L’éventail plus large de services relatifs à l’immatriculation des véhicules en Alberta, ainsi que les coûts moins élevés et la facilité d’accès pourraient servir de point de départ pour orienter une réforme au Québec. À tout le moins, l’approche albertaine devrait inspirer le gouvernement québécois à s’appuyer davantage sur les mandataires privés, en remplaçant les 46 points de service publics restants dans la province et en encourageant l’ouverture d’un plus grand nombre de bureaux d’immatriculation indépendants. Cela faciliterait l’accès aux services de la SAAQ et réduirait les contraintes administratives pour les Québécois.
Références
- Société de l’assurance automobile du Québec, Mission et mandats, 15 mai 2025.
- Vérificateur général du Québec, Rapport du vérificateur général du Québec à l’Assemblée nationale du Québec pour l’année 2024-2025, février 2025, p. 26.
- Société de l’assurance automobile du Québec, Tarifs et amendes, Immatriculation, Coût du renouvellement de l’immatriculation, Véhicules de promenade, 9 janvier 2025; Goldkey Registry, How to Register a Car in Alberta: Vehicle Registration Certificate Renewal, consultée le 2 février 2026.
- Société de l’assurance automobile du Québec, Tarifs et amendes, Permis de conduire, Coût du renouvellement du permis pour 2026, 23 décembre 2025.
- Gouvernement de l’Alberta, Driver’s License Renewals, consultée le 26 janvier 2026.
- Demande d’accès à l’information auprès de la SAAQ, reçu le 12 février 2026; Gouvernement de l’Alberta, Find a Registry Agent, consultée le 6 février 2026; Statistique Canada, Tableau 23-10-0308-17: Immatriculations de véhicules, par type de véhicule et type de carburant, 17 octobre 2025.
- Gouvernement de l’Alberta, Registry Agents – Overview, consultée le 6 février 2026.
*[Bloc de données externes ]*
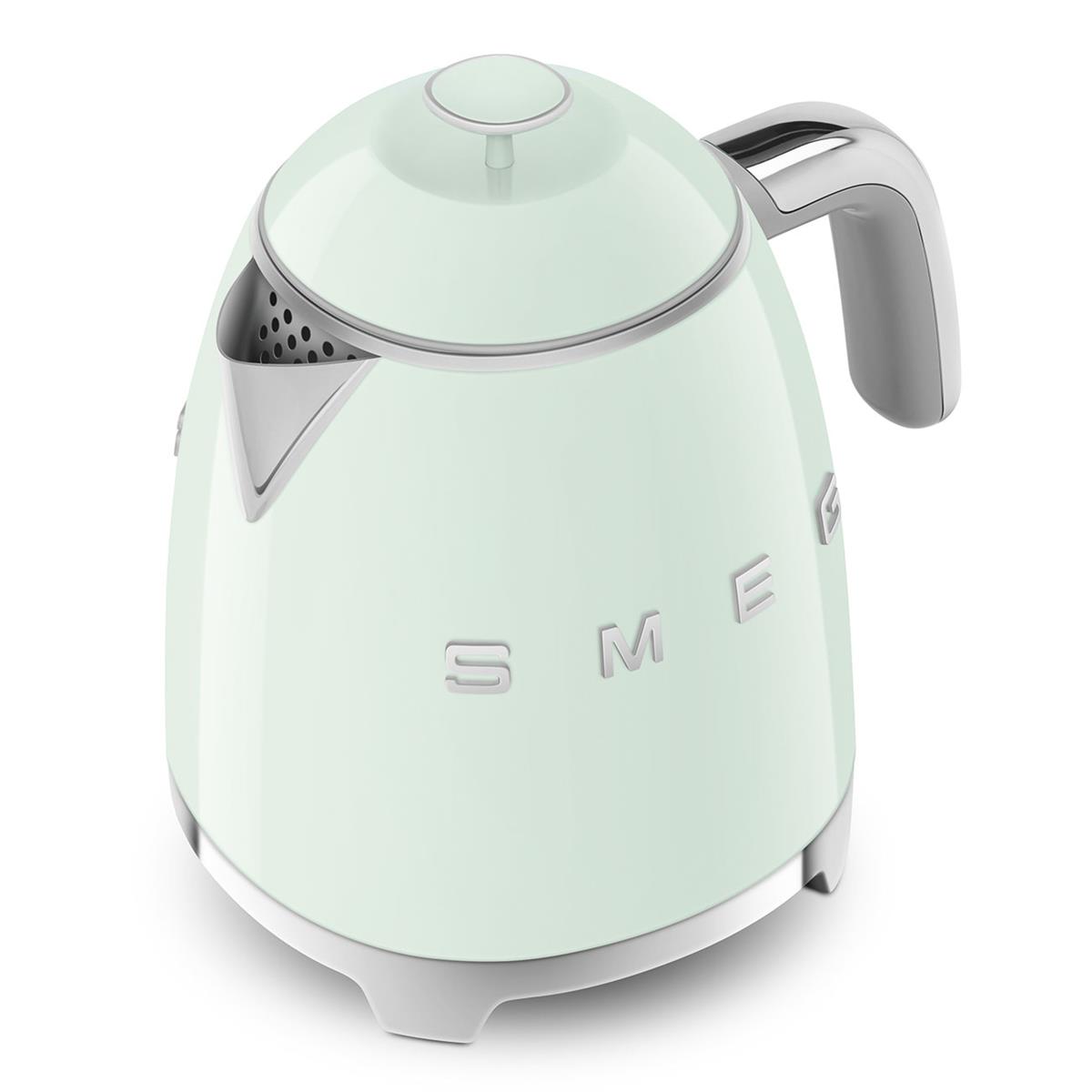 SMEG YEŞİL MİNİ SU ISITICI – KETTLE- KLF05PGEU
- Vérificateur général du Québec, op. cit., note 2, p. 26.
- Louis Gagné, « Le virage numérique a fait exploser les plaintes à la SAAQ », Radio-Canada, 25 février 2024.
- Société de l’assurance automobile du Québec, Rapport annuel de gestion 2024, avril 2025, p. 42.
- Louis Gagné, op. cit., note 9.
- Radio-Canada, « Attente à la SAAQ : la ministre des Transports promet des améliorations dès lundi », 5 mars 2023.
- Charles Lecavalier, « La SAAQ sera chaperonnée par l’AMP, qui a trouvé d’importantes irrégularités », La Presse, 13 janvier 2026.
- William A. Niskanen, « The Peculiar Economics of Bureaucracy », American Economic Review, vol. 58, no 2, 1968, p. 293–298.